Senior EU officials have insisted the deal is fair enough to go along with.
“No deal better than the one on the table can be reached,” said Germany’s European affairs minister, Michael Roth on the dubious draft Brexit deal.
Germany’s Economy Minister Peter Altmaier stated there was zero chance to alter the Brexit deal while discharging any hope of a return to the drafting table.
May is now facing a significant backlash from both the UK public and her own Cabinet over the 'no deal' Brexit.
According to a named source in the UK’s armed forces cited by The Sunday Times, London has tasked troops with developing a plan to prevent an uprising if the country leaves the European Union without a deal.

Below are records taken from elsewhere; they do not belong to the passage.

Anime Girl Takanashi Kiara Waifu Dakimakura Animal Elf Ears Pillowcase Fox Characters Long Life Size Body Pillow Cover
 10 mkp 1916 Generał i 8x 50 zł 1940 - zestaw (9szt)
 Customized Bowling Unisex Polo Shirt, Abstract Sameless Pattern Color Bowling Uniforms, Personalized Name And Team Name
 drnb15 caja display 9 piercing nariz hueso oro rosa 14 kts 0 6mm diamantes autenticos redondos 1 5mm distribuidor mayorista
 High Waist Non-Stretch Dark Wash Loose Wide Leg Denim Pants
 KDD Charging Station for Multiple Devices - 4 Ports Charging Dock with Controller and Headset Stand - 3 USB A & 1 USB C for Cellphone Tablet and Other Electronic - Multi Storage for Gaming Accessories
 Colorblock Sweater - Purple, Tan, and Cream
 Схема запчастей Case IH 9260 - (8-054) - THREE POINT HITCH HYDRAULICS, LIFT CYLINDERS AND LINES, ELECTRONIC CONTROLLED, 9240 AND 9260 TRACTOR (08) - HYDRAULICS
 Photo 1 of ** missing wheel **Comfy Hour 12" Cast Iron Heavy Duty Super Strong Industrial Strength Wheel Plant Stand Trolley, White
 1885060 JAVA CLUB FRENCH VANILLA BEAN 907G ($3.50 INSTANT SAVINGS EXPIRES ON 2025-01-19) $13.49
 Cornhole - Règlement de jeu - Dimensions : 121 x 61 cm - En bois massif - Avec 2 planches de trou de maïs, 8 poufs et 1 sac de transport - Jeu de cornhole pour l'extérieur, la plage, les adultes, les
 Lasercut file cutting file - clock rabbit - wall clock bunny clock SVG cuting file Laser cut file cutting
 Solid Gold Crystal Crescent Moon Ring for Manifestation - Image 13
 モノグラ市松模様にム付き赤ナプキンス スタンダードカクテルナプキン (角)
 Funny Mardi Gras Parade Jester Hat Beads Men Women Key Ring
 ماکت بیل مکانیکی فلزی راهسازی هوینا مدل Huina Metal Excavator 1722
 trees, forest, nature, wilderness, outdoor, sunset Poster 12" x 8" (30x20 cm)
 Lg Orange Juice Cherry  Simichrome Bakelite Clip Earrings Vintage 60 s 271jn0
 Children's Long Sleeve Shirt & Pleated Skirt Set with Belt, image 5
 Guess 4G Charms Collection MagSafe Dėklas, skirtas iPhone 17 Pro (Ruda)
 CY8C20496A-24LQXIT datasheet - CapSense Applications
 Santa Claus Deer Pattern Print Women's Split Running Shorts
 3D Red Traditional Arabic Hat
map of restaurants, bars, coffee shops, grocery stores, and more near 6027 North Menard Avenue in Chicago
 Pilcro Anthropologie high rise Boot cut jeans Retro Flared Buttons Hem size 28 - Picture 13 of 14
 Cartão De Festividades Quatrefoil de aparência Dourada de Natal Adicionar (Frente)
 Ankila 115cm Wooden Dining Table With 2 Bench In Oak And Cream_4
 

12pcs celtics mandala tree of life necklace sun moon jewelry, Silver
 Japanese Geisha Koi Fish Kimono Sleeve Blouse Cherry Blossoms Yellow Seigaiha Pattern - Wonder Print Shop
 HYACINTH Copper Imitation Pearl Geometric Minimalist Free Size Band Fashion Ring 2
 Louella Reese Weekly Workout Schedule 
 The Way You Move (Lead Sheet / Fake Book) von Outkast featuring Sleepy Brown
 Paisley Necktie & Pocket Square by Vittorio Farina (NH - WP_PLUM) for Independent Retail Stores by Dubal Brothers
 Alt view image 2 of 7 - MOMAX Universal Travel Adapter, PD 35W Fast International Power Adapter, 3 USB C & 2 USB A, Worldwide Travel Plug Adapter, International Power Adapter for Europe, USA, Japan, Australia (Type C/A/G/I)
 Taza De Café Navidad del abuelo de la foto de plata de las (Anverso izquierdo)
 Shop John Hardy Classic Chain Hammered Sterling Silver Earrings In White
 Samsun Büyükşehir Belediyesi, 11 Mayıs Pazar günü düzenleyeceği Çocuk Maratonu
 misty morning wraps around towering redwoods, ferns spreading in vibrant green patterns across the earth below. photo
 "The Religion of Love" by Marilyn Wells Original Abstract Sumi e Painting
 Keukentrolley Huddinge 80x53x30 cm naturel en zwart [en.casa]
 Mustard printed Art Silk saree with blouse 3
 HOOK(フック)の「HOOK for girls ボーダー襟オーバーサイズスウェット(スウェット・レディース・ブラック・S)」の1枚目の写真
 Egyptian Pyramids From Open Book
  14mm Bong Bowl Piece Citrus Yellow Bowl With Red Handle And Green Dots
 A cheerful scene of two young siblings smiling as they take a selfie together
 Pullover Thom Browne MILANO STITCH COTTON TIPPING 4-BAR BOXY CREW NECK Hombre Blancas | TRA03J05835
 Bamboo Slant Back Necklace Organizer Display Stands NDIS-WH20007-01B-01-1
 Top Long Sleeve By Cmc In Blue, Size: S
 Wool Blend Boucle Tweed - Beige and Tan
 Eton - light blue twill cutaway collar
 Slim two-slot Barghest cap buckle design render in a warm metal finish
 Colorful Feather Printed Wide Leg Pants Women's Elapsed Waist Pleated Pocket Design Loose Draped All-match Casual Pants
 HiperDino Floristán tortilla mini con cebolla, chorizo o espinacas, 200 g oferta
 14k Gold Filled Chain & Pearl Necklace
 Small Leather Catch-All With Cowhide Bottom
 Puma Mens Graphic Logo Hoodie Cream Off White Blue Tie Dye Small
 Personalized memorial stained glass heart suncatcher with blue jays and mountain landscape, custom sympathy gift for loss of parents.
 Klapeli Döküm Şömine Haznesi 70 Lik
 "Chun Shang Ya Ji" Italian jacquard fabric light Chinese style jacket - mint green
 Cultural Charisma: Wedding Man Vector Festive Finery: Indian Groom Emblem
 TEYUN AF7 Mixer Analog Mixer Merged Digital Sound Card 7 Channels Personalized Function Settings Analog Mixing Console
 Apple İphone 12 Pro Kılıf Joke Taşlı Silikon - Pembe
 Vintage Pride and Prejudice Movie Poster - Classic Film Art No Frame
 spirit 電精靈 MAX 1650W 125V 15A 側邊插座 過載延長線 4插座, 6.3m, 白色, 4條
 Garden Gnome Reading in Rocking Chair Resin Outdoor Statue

According to PressTV: The comments come as British Prime Minister Theresa May is working with the EU on the concluding details of the Brexit agreement to make it available for a summit of EU leaders on Sunday.
May has indicated that she could gain concessions from the EU on a political declaration that would define the bases of the future relations between the two sides.
However, her opponents want changes to the 585-page deal that is mostly concerned with Britain’s departure from the EU on March 29, 2019, which includes questionable measures about how the two sides will cooperate during a two-year transition period.
The EU’s top Brexit negotiator Michel Barnier said Monday that ministers of member states had endorsed the deal, saying it was sufficiently “fair and balanced.”
“The deal is fair and balanced. We are in fact at a decisive moment in this process; no one should lose sight of the progress that has been achieved in Brussels and London,” Barnier said.
The French diplomat suggested, however, that there might be a possibility for the EU to allow an expansion to Brexit transition period to continue beyond December 2020 so that the two sides could have more time to work out a lasting agreement for future ties.
“The EU side will still have to decide the internal process for agreeing to extend the transition period,” Barnier said after a meeting of the EU’s national ministers in Brussels.
British officials said that London was allowed to ask for an extended transition stage although they insisted the measure should end by 2020 when Britain is due to hold its general election.
“It would be our discretion, it would be purely for us if we wanted to and there are reasons we may not want to take that up, it would be available to us,” said Business Secretary Greg Clark in an interview with the BBC Radio.
May’s spokesman also announced on Monday that there was little chance Britain would demand an extension to the post-Brexit transition period.
Estimates suggest an extension to the so-called implementation period would cost Britain an extra 10 billion pounds on top of nearly 40 billion pounds it has to pay for the two-year time.
May herself said at a speech in London that the transition time should complete before the next general election.
“I think it is important that in delivering for the British people we are out of the implementation period before the next general election,” the prime minister said while addressing business leaders.